En second lieu, les massacres du 7 octobre et la guerre à Gaza ont ravivé la crainte d’une déstabilisation du régime jordanien. Dirigé par une minorité hachémite qui détient les principaux leviers du pouvoir et du commandement militaire, le pays est constitué aux deux tiers de Palestiniens. Parmi eux, de fervents partisans du Hamas expriment bruyamment leur soutien aux islamistes de Gaza dans les rues d’Amman depuis le début la guerre. “Orchestrées par les Frères musulmans et le Hamas en coordination avec l’Iran, ces manifestations ont pour objectif de miner le pouvoir du roi Abdallah de Jordanie et de créer un nouveau front pour Israël”, explique Yoni Ben Menahem, analyste au JPCA, un centre de recherche à Jérusalem. Depuis le traité de paix de 1994, la Jordanie a toujours scrupuleusement respecté les accords sécuritaires avec Israël.

Coopération de l’Arabie saoudite et des Emirats arabes unis

Le pays de la reine Rania n’est pas le seul Etat arabe à coopérer avec Jérusalem. L’armée américaine a indiqué que l’Arabie saoudite et les Emirats arabes unis ont également apporté leur soutien à la destruction des drones et missiles iraniens en partageant des renseignements. Sur fond de menace iranienne, ces deux pays du Golfe ont entamé un rapprochement avec l’Etat hébreu depuis une dizaine d’années. En août 2020, les Emirats ont signé les accords d’Abraham, parrainés par Donald Trump. Aujourd’hui, ceux-ci produisent des fruits spectaculaires avec une explosion des échanges commerciaux et un renforcement de la coopération militaire.

En coulisse, les Saoudiens suivent le même chemin, le prince Mohammed ben Salmane ne cachant pas sa fascination pour la haute technologie et l’industrie d’armement de l’Etat hébreu. La normalisation entre les deux pays devait être formalisée fin octobre 2023… Malgré la guerre à Gaza, elle reste d’actualité. “Je ne vois aucune trahison des Palestiniens dans le fait que des pays arabes et Israël nouent une collaboration”, déclare l’analyste politique Ahmed Amleh sur la télévision israélienne en arabe Makan. “On voit bien ce que nous coûte le terrorisme financé par l’Iran avec les 30 000 morts de Gaza, ajoute-t-il.
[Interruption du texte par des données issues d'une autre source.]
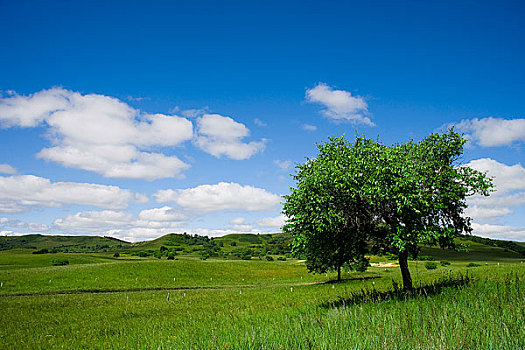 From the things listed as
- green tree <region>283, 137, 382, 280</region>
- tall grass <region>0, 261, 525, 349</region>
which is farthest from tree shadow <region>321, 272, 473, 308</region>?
green tree <region>283, 137, 382, 280</region>

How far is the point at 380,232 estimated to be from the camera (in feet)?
73.3

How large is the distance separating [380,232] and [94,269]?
72.7m

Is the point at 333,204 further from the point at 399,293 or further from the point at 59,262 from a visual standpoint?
the point at 59,262

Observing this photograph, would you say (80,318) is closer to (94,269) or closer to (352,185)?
(352,185)

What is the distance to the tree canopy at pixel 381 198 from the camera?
64.9ft

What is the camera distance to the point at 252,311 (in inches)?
857

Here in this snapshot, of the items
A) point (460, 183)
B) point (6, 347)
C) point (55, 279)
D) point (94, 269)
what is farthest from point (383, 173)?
point (94, 269)

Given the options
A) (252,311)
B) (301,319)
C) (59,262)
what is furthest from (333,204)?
(59,262)

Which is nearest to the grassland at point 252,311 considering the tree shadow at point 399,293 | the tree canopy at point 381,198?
the tree shadow at point 399,293

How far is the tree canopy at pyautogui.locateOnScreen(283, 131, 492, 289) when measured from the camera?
19781 mm

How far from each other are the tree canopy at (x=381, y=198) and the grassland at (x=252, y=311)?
10.9 feet

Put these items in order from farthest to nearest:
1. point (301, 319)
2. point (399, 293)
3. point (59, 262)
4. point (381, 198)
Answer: point (59, 262) < point (381, 198) < point (399, 293) < point (301, 319)

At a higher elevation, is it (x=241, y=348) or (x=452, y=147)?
(x=452, y=147)

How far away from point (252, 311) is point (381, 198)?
11.5 metres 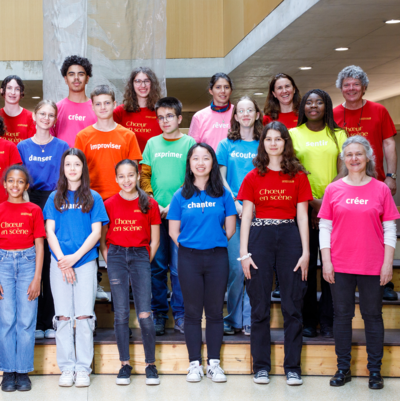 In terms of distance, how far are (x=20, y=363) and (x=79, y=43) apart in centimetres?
266

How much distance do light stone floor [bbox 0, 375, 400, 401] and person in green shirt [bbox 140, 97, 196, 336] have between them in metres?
0.46

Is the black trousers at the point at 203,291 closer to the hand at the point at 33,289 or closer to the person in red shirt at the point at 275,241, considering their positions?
the person in red shirt at the point at 275,241

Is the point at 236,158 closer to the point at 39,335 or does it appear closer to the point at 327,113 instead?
the point at 327,113

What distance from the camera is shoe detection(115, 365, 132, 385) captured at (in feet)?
9.63

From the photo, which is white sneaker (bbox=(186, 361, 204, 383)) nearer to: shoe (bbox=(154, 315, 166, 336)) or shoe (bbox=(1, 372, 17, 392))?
shoe (bbox=(154, 315, 166, 336))

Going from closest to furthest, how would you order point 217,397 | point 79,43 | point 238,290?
point 217,397, point 238,290, point 79,43

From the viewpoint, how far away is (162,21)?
14.6 feet

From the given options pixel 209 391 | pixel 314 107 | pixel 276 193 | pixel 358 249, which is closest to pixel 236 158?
pixel 276 193

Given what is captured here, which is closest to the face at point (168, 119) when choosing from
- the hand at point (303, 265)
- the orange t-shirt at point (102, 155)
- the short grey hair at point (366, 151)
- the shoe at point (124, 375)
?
the orange t-shirt at point (102, 155)

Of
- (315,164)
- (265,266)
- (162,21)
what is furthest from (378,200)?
(162,21)

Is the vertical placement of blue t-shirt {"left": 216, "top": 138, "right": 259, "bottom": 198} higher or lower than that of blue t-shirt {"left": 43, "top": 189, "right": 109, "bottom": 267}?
higher

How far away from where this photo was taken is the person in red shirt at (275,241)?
2.87 m

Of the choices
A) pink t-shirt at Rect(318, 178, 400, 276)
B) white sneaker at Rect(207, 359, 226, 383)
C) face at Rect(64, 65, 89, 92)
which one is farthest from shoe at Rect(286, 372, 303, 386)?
face at Rect(64, 65, 89, 92)

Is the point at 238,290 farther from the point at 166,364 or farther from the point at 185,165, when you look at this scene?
the point at 185,165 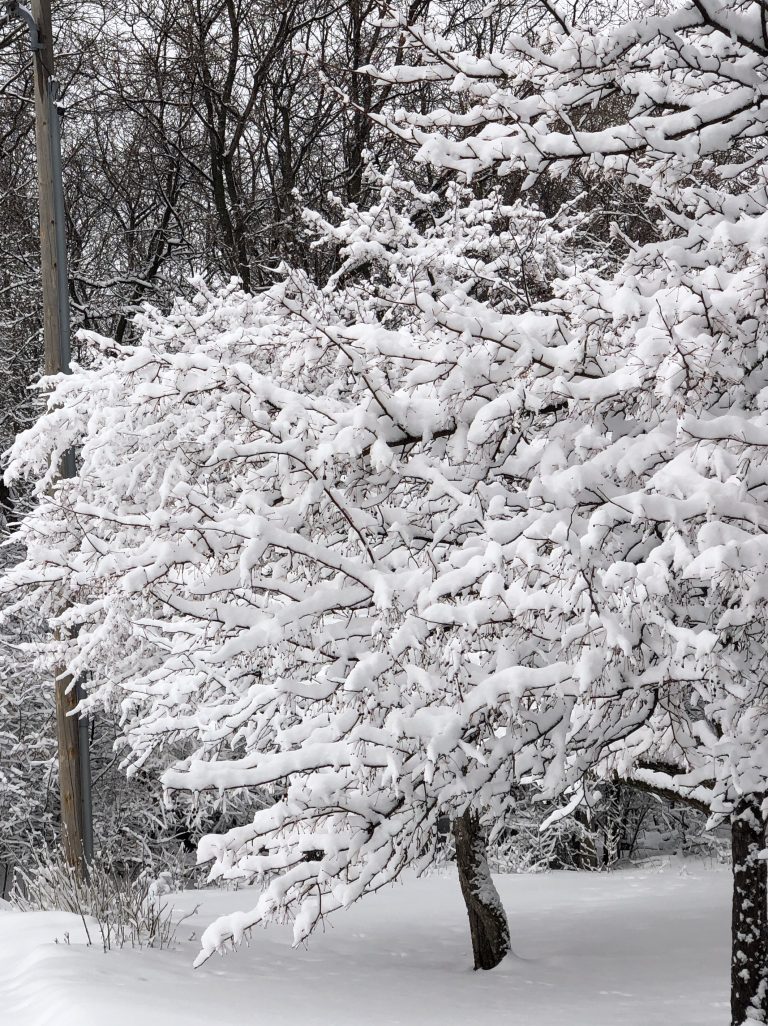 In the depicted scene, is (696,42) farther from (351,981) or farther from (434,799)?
(351,981)

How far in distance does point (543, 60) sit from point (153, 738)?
4720 mm

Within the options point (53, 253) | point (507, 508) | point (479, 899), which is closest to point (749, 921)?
point (507, 508)

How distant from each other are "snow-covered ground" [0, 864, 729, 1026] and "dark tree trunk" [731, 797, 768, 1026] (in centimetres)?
68

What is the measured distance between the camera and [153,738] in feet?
22.8

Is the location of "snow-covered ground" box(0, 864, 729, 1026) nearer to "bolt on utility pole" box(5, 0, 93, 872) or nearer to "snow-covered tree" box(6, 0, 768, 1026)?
"bolt on utility pole" box(5, 0, 93, 872)

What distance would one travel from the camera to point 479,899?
7.01 metres

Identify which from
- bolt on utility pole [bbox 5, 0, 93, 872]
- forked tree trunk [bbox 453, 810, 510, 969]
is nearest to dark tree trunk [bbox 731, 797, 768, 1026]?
forked tree trunk [bbox 453, 810, 510, 969]

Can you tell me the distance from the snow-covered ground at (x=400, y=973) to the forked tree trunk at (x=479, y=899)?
12 centimetres

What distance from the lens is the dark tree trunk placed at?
4.80m

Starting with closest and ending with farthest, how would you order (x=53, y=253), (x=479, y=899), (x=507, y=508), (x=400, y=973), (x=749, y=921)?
(x=507, y=508), (x=749, y=921), (x=400, y=973), (x=479, y=899), (x=53, y=253)

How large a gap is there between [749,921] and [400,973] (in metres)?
2.40

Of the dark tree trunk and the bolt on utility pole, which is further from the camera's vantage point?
the bolt on utility pole

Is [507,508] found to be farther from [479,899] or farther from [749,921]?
[479,899]

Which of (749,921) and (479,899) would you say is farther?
(479,899) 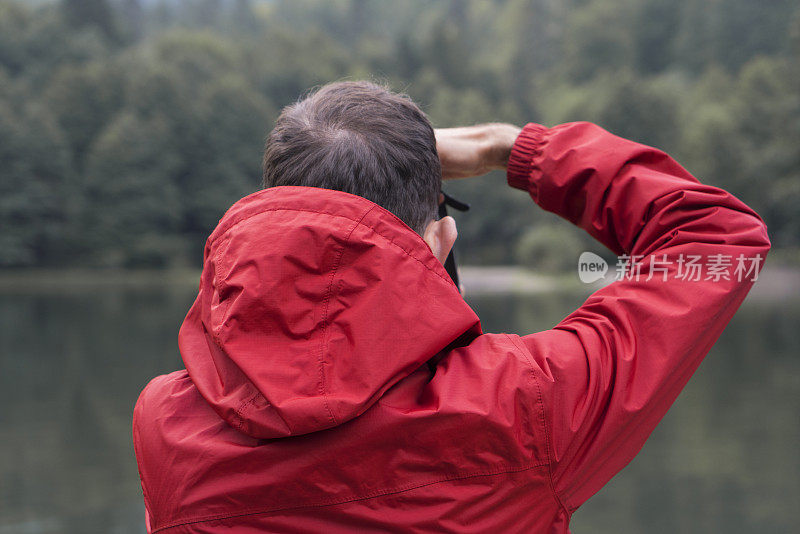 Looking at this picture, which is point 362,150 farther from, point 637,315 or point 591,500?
point 591,500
Les pays arabes et Israël coopèrent pour la stabilité régionale ; c’est dans l’intérêt de tout le monde.”

Paradoxalement, la coopération entre Israël et les pays arabes se renforce au moment même où l’image de l’Etat juif se dégrade à cause de la guerre à Gaza. Mais dans ces régimes autoritaires, la rue ne fait pas la loi. Et l’opinion publique ne pèse guère sur les décisions de politique étrangère des gouvernants.